Monday, June 8, 2009
Raw Kites - I Can See the Light, I Just Can't Feel It (Bug Incision Records CD-R)
Here's another disc from Chris Dadge's Bug Incision label, and this time around it's Chris in a duet with baritone saxophone/bass clarinetist Shane Krause. With Dadge on percussion, violin and amplified objects, the sound treads toward the starker side usually, never straying too far from what seems to be more or less the signature Bug Incision sound. Sort of a meeting between AACM and AMM I guess...
Broken into eight tracks, the disc actually reads like a series of demos in a lot of ways, showcasing one outtake from a given session before moving on to the next. Which isn't to say that there's not room for the two to expand here; many of the tracks are over five minutes long. Just that the duo play with such conviction that they are able to sustain a given locale long enough to fill those five minutes without losing their grasp.
Take the opening "Dearce," whose clattering percussion and restrained baritone play--sometimes honking, sometimes shimmying across Dadge's violin strums--fill the 7-minutes easily before the following "Dierce" (I suppose another spelling of the same pronunciation of the first track, a theme which runs throughout) gets a tad heavier, Krause's sax now billowing runs of notes behind pitter-pattering kitchen sink percussion. The sound is certainly mobile, but also refreshingly unpretentious or precious. Instead the play is filled with excitement, reading as fun alongside its clearly well conceived and realized ideas. Same goes for "Deirce," (there's that title thing again) which falls into an extremely hushed, albeit active, sonic realm. Nothing here stands out so much despite quite a lot of activity, Krause's horn squeaking above grating violin runs that all sound like they're being played from beneath some giant weighted blanket. Strange and super effective.

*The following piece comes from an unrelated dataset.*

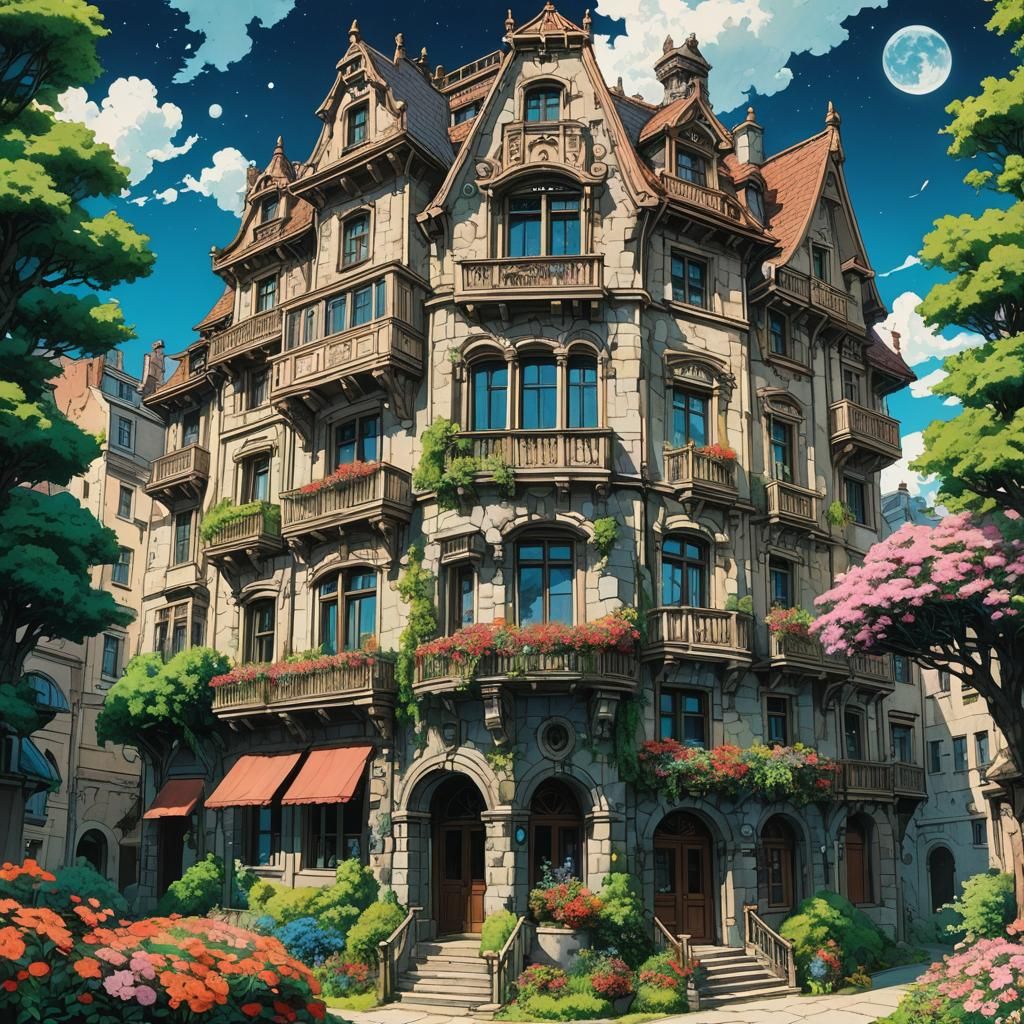 Ghibli-Inspired Apartment Building with Lush Gardens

Following that up is "Pearse," "Pearce" and, you guessed it, "Peirce." The first keeps things fairly subdued, slipping into some odd metallic grunts before the second begins quietly before unwrapping itself a tad. Krause's bass clarinet play on the last track is warm though removed, a strange and effective space for the instrument to reside in atop the ruffled percussion of Dadge. "Traice" and "Traese" close the disc with some of the more cohesive material here, really displaying the duo's chops at something resembling straight free jazz, though certainly a bare and explorative example of that genre. Super great, alongside everything else I've heard from the label so far. Limited to 75 too, so grab it quick.